What you should do: Skip the images and restate every line of the records exactly.

Recorded data:
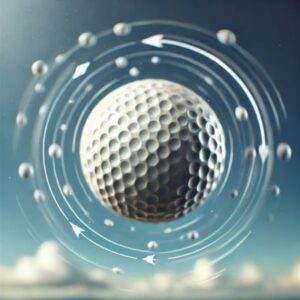 spinning golf ball graphic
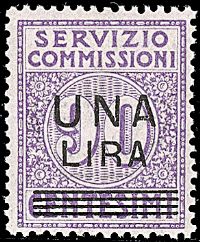 ITALIA REGNO  Servizio commissioni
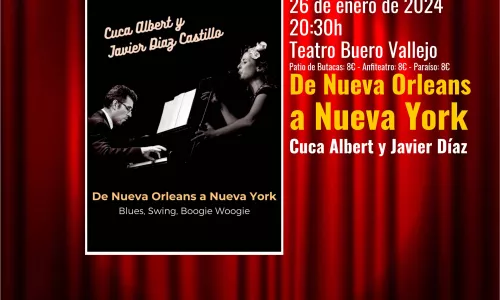 De Nueva Orleans a Nueva York  Cuca Albert y Javier Díaz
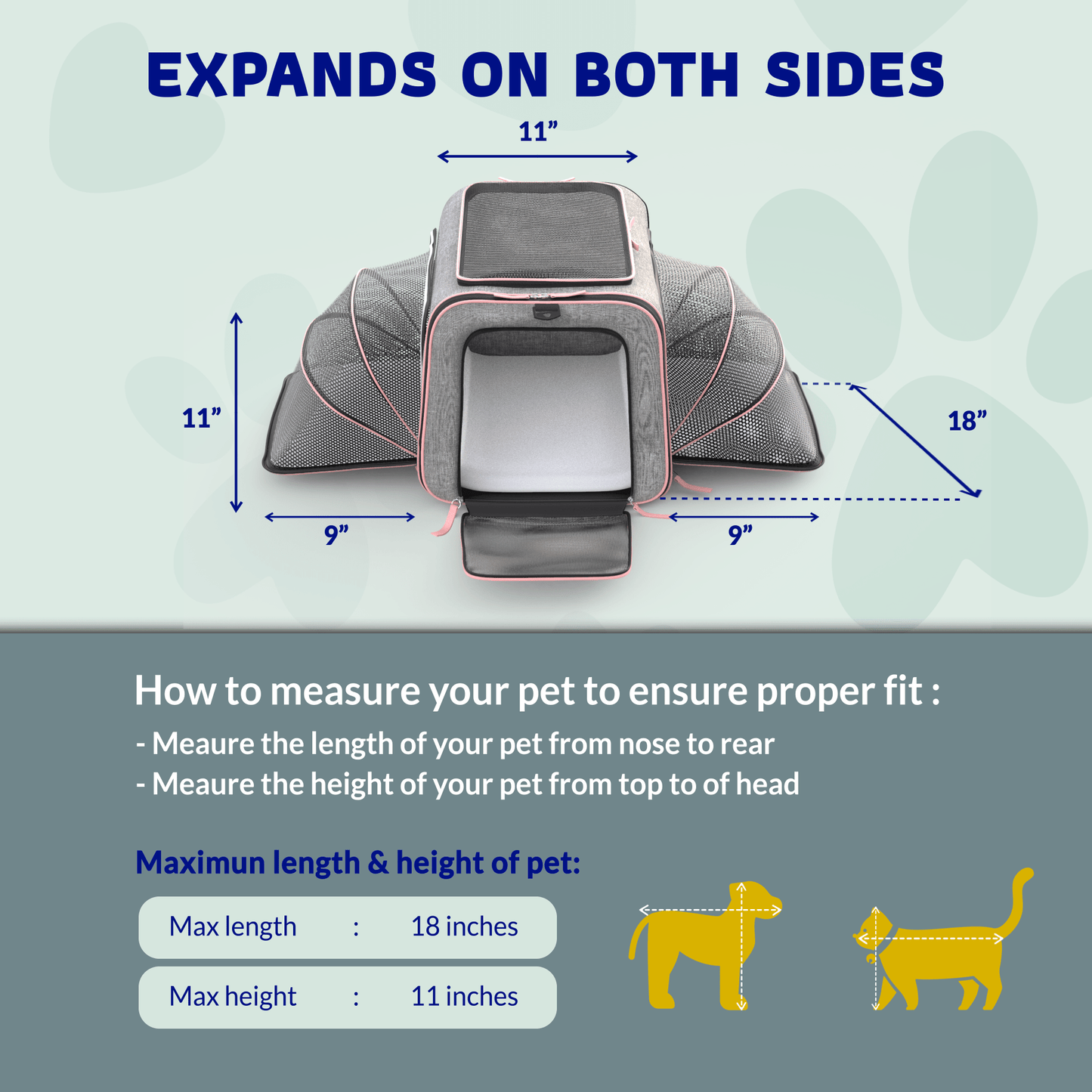 Rolling Rover Expandable Wheeled Pet Carrier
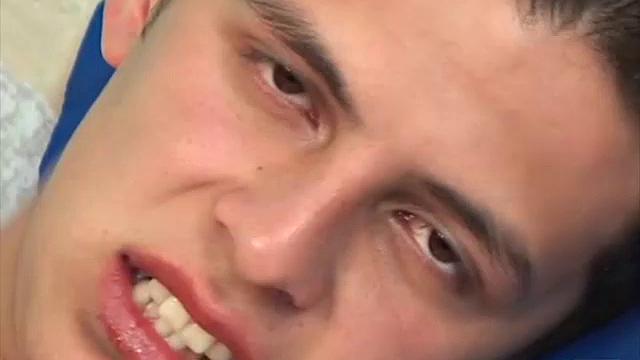 Young Estrban is getting naked, with only one goal on his mind, to cum all over his chest and eat some of it. After the clothes are gone, this skinny and smooth Latin twink strokes up a boner and fingers his little ass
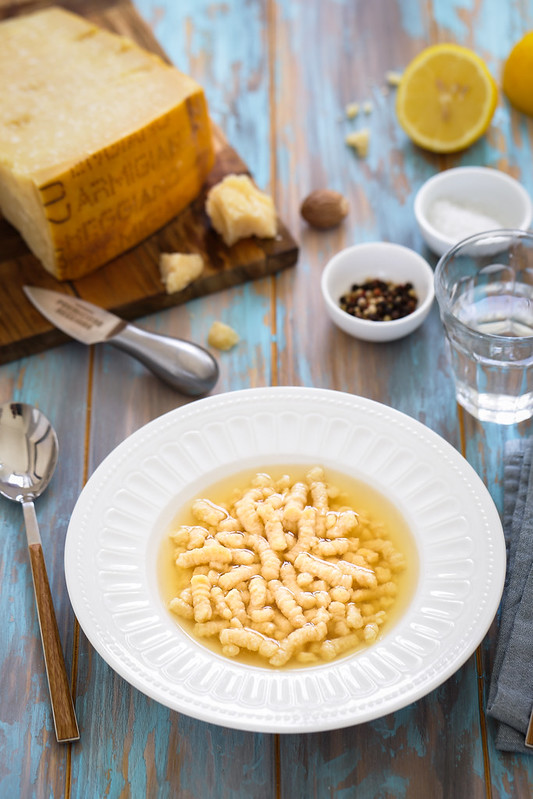 Passatelli bouillon recette italienne soupe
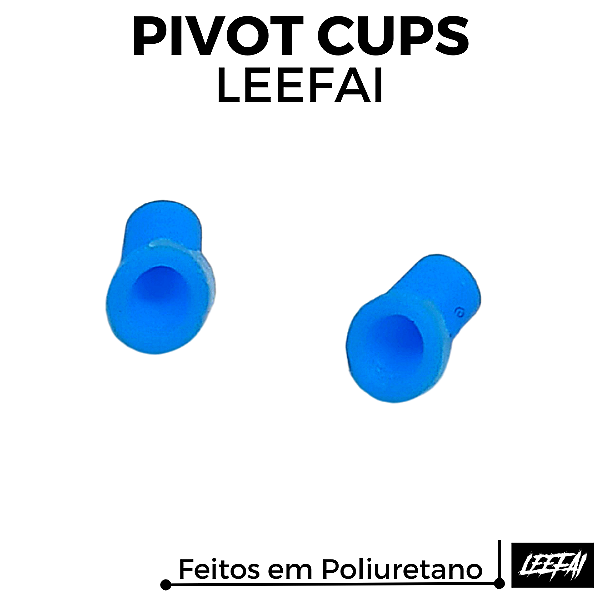Par Pivot Cups Leefai Poliuretano cor Azul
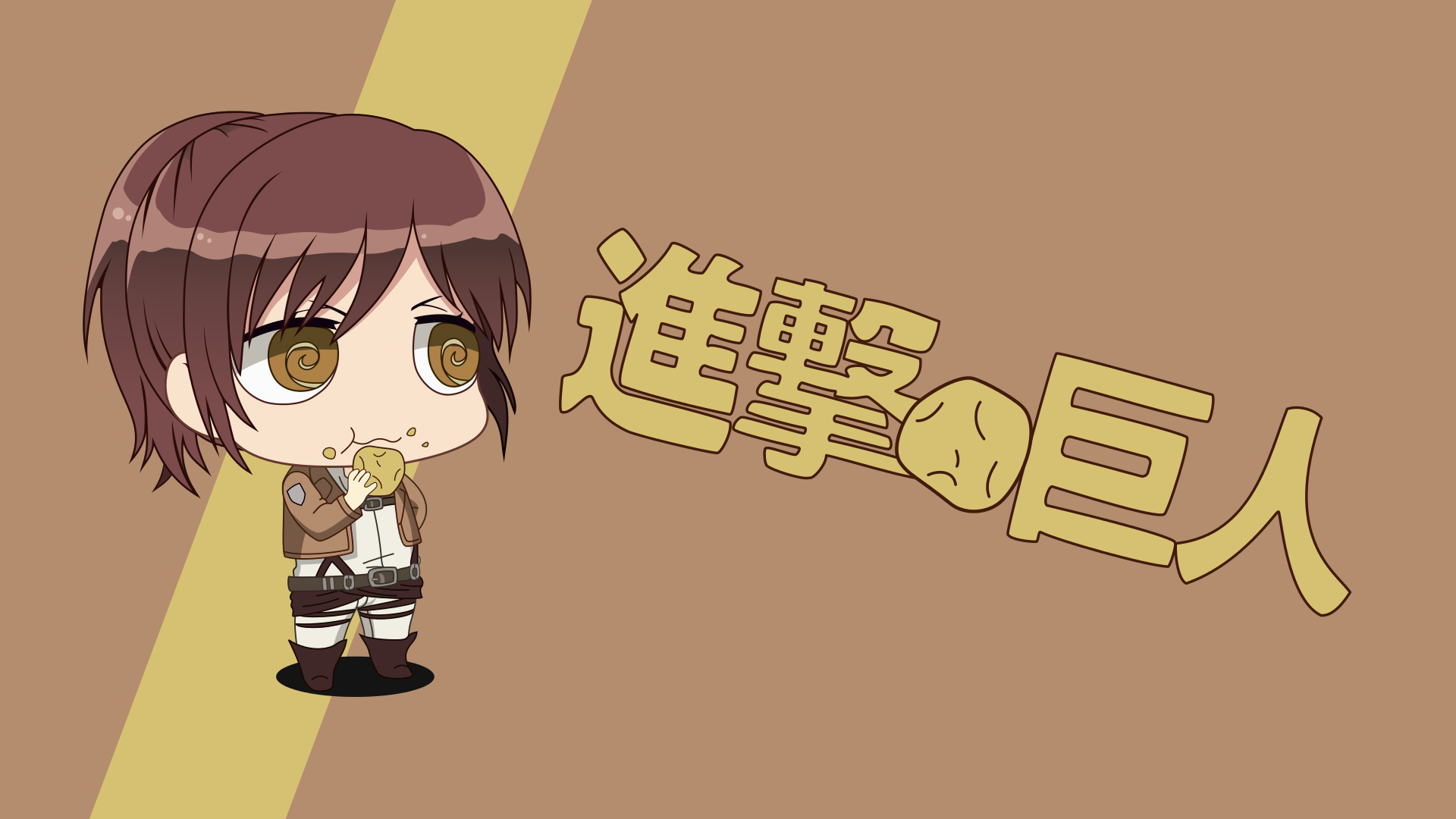 attack on titan chibiWallpapers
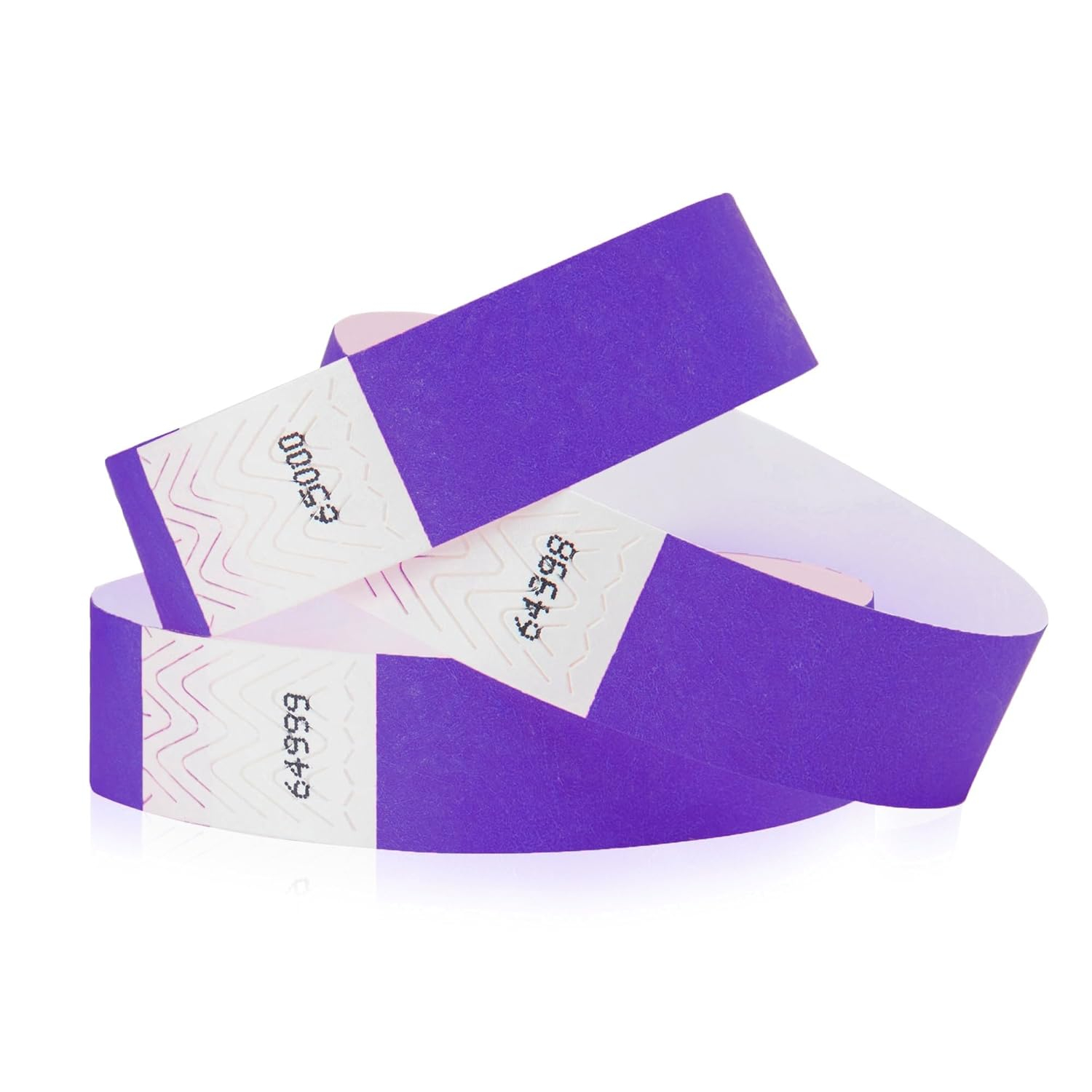 500 WristCo Pantone Purple Tyvek Wristbands for Events - Comfortable Tear Resistant Paper Bracelets ID Wrist Bands for Concerts Festivals Admission Party Identification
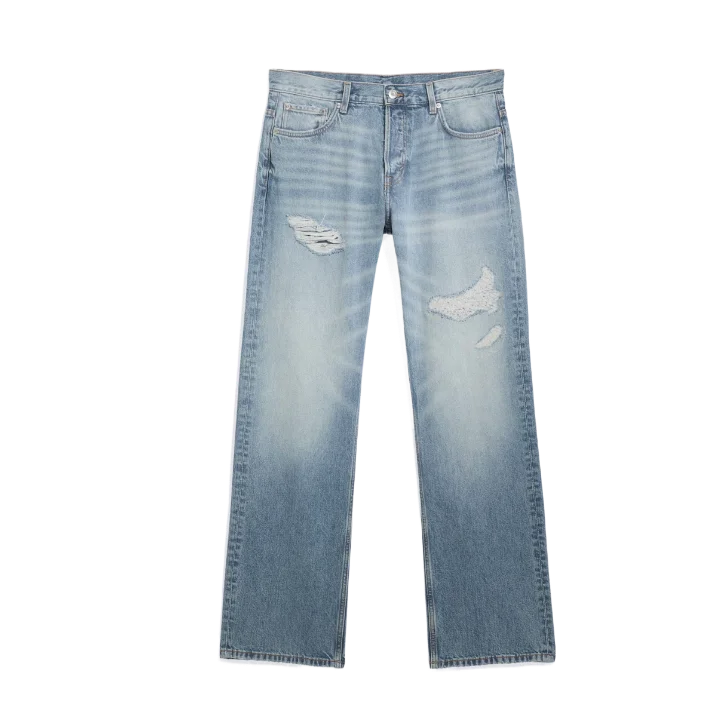 SPACE MID WAIST RELAXED STRAIGHT JEANS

Answer for this exercise:
 spinning golf ball graphic
 ITALIA REGNO  Servizio commissioni
 De Nueva Orleans a Nueva York  Cuca Albert y Javier Díaz
 Rolling Rover Expandable Wheeled Pet Carrier
 Young Estrban is getting naked, with only one goal on his mind, to cum all over his chest and eat some of it. After the clothes are gone, this skinny and smooth Latin twink strokes up a boner and fingers his little ass
 Passatelli bouillon recette italienne soupe
Par Pivot Cups Leefai Poliuretano cor Azul
 attack on titan chibiWallpapers
 500 WristCo Pantone Purple Tyvek Wristbands for Events - Comfortable Tear Resistant Paper Bracelets ID Wrist Bands for Concerts Festivals Admission Party Identification
 SPACE MID WAIST RELAXED STRAIGHT JEANS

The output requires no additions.